Per questo motivo a farla da padrone sono ormai solo le grandi issues, quelle che riguardano tutta la comunità. Italianizzando si parla ovviamente di temi, questioni relative alle politiche governative, amministrative e legislative, ma anche ai “problemi concreti” che toccano da vicino la vita e l’interesse dei cittadini. E oggi, nonostante di problemi ce ne siano tanti, a far preoccupare gli italiani ci sono solo due cose: questione Covid-19 e questione lavoro. Nel primo caso si parla ovviamente del Green pass e della sua estensione, tema che divide questo e quel partito in ogni modo e che fa ritrattare le parti a seconda dei casi.

In ballo infatti c’è una fetta di voti, che appartiene alla popolazione definita no vax e no pass.
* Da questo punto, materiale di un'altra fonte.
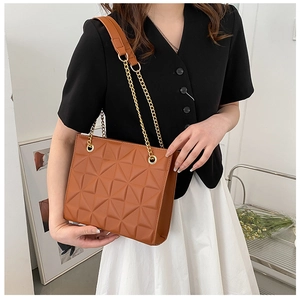 Detail of a brown leather tote bag with quilted geometric patterns and gold chain strap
Gruppi che, anche se in maniera diversa, non condividono le scelte del governo in merito alla gestione della pandemia. Anche se va detto che in questa molti neanche credano. A cavalcare questa onda di discordia c’è ovviamente FdI, che fin dal primo momento ha fatto muro respingendo qualunque ipotesi di “blocco alla libertà“. Simile la posizione di Salvini, che stando però al governo ha capito alla fine di dover aprire. Il minimo vista la cabina di regia che il premier ha concesso proprio su proposta del Carroccio.

Posizione molto più netta quella del segretario del PD Letta, che senza mezze misure si schiera al fianco di Draghi. Il leader democratico si muove in quella zona politica opposta a quella del centrodestra. Anzi di Salvini. Se il leader della Lega propone questo, lui rilancia puntando i piedi, chiedendo l’esclusione dal governo e facendo l’esatto opposto. Scontro continuo, che non sembra placarsi ma che anzi giorno dopo giorno cresce e si infittisce.

C’è poi la questione lavoro, che in realtà si focalizza praticamente solo sul reddito di cittadinanza. Misura introdotta dal M5S, che adesso nonostante la guida di Conte non sembra più in grado di ripetere i numeri del 2018. Durante quella tornata elettorale proprio questa issue aveva avuto il merito di far ottenere più voti di chiunque altro. Ecco però che ora proprio per questa debolezza nei numeri tutti fanno a gara per accaparrarsi una modifica o la sua abolizione. C’è chi si schiera contro, vedi ancora FdI, mentre c’è chi come Renzi o altri vuole modificarla, potenziarla, migliorarla e ovviamente prendersi poi il giusto merito.

Pochi temi, sempre ridondanti che però non fanno che accompagnare interviste e uscite pubbliche di ogni leader o rappresentante politico. Certo, ci sarebbe la questione Afghanistan ma difficile avere posizioni differenti da quelle di una condanna rispetto a quanto sta accadendo e alla figura dei talebani. Per questo meglio andare sull’usato garantito come direbbe qualcuno. Anche perché in fondo, considerato l’inquilino di Palazzo Chigi, nel prossimo futuro saranno pochi gli argomenti che interesseranno gli italiani. Il Coronavirus. Il lavoro. Le elezioni amministrative. Il Quirinale. E per quest’ultimo c’è ancora tempo per discutere.